Countless factors account for the variation in research findings, such as sampling bias (e.g., small sample populations), the confounding effects of pathology, variations in data collection methodologies, and ways in which data were analyzed [61, 62].

Most researchers noticed that, when it comes to cranial thickness, females have usually higher mean values than males [59, 60, 63].

A correlation with aging could be observed for cranial thickness in some studies, with an increase in cranial thickness for ages over 50 years, especially for females [60, 64]. This pattern was attributed to the incidence of hyperostosis frontalis interna (HFI), and according to Ross et al. [60], cranial thickness is sexually dimorphic by the onset of HFI.

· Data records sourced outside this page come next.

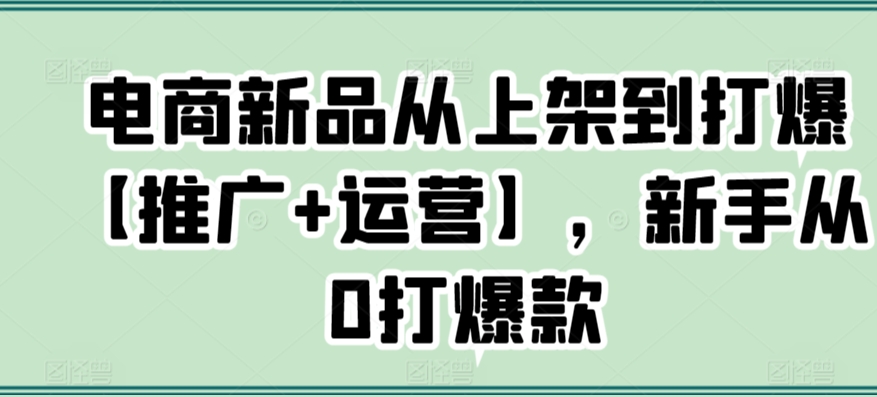 电商新品从上架到打爆【推广+运营】，新手从0打爆款-夜影资源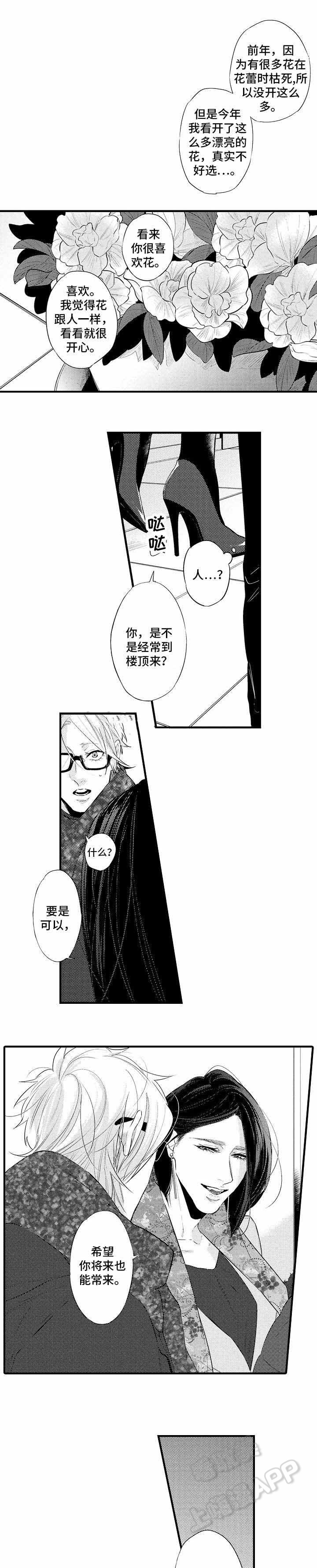 画像石和画像砖的区别漫画,第19话4图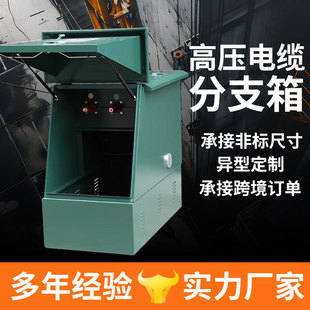 10KV�߉���|��֧��DFW-12/630A��֧��һ�Mһ�����������ֽ���S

The current study reported a significant difference in both frontal and parietal bone thickness between males and females. Regarding the mean values, males had significantly thicker bones than females; these findings differ from the reported results of previous studies. Numerous hypotheses could be stated at this point:

  • This could be a particular trend in the Tunisian population, in a population-specific manner.

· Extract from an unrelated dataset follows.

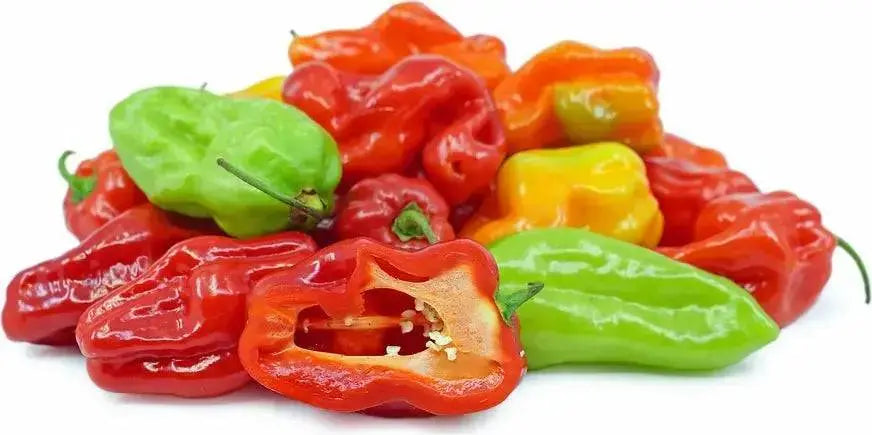 Sweet habanero Pepper-FRESH PODS ,CARIBBEAN PRODUCT, aji cito, Aji Dulce #2 - Caribbean garden seed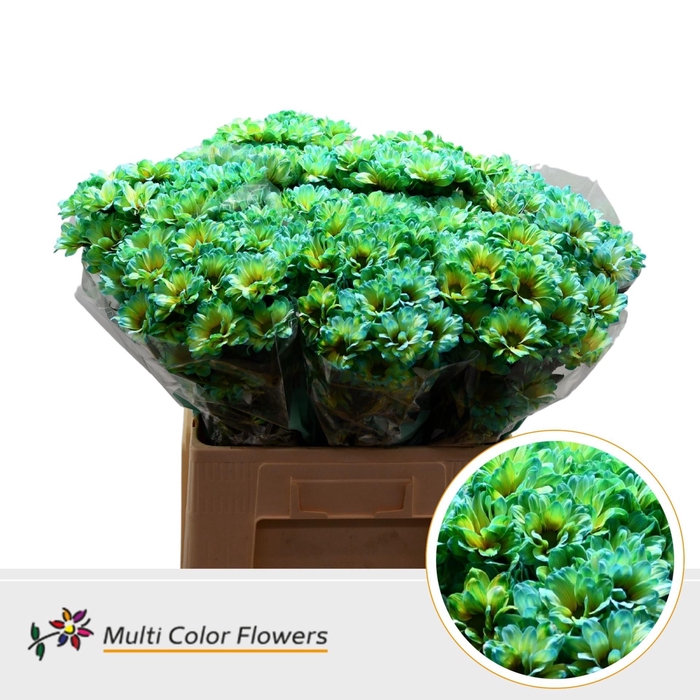 <h4>Chr. Tr 'Kennedy' DYED Caribbean Ara</h4>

  • Possible non-investigated confusion factors could bias the interpretation, considering that significant correlations between bone thickness and other biological parameters, like body built or age, had been reported in previous studies [60, 63, 64].

It is important to state that a comparison with other studies remains difficult regarding the frequently different sites of measure, even for the same bone, and the different analysis methods.

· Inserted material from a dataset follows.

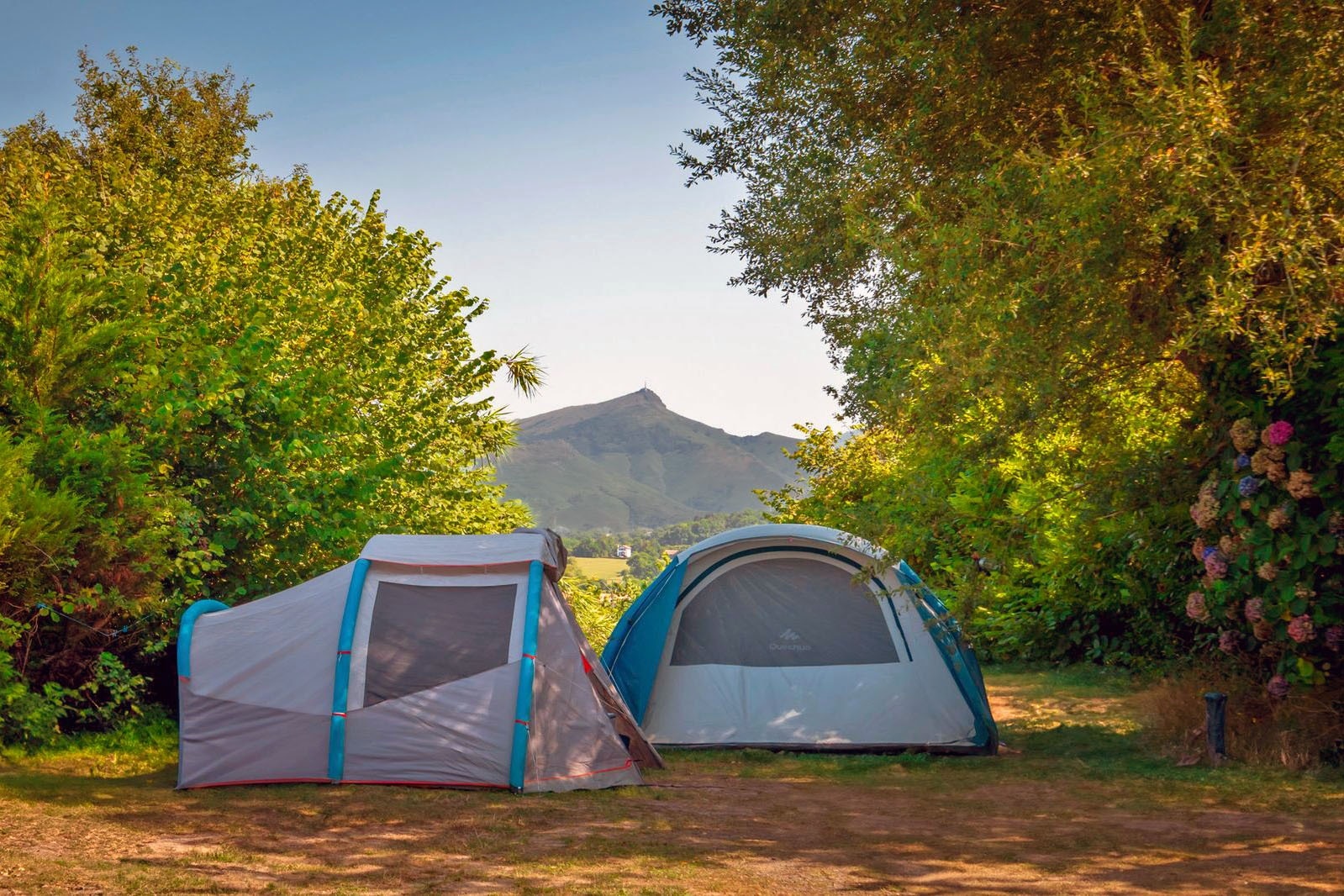 Camping Suhiberry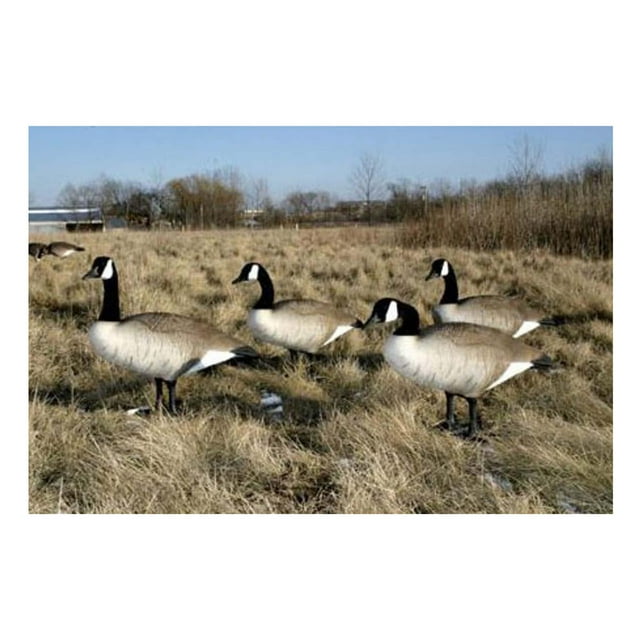 Big Foot Standard Canada Goose Decoys, 4-Pack for Hunting - Walmart.com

This study is part of an ongoing research project aiming to create a specific and representative anthropological database that would improve the proficiency of Tunisian forensic practitioners when dealing with identification issues. As documented skeletal collections are not available in Tunisia, medical scans represent an appropriate source of data for collecting contemporary skeletal standards and, eventually, updating existing data. MSCT of living individuals performed for a diagnostic purpose offer an opportunity for obtaining virtual skeletons with a high resolution, avoiding any unnecessary radiation exposure, and providing data which are consistent with those obtained by traditional anthropological methods.

Conclusion

In conclusion, our study demonstrated that the skull was highly dimorphic and represented a reliable bone for sex determination in contemporary Tunisian individuals. Based on a CT scan study of 27 studied inter-landmark distances, we were able to identify a nine-variable model achieving a classification accuracy of 90% with −2.9% sex bias and a six-variable model yielding 85.9% sexing accuracy with −0.97 sex bias. Also, three supplementary models were generated allowing for sex determination of incomplete skulls.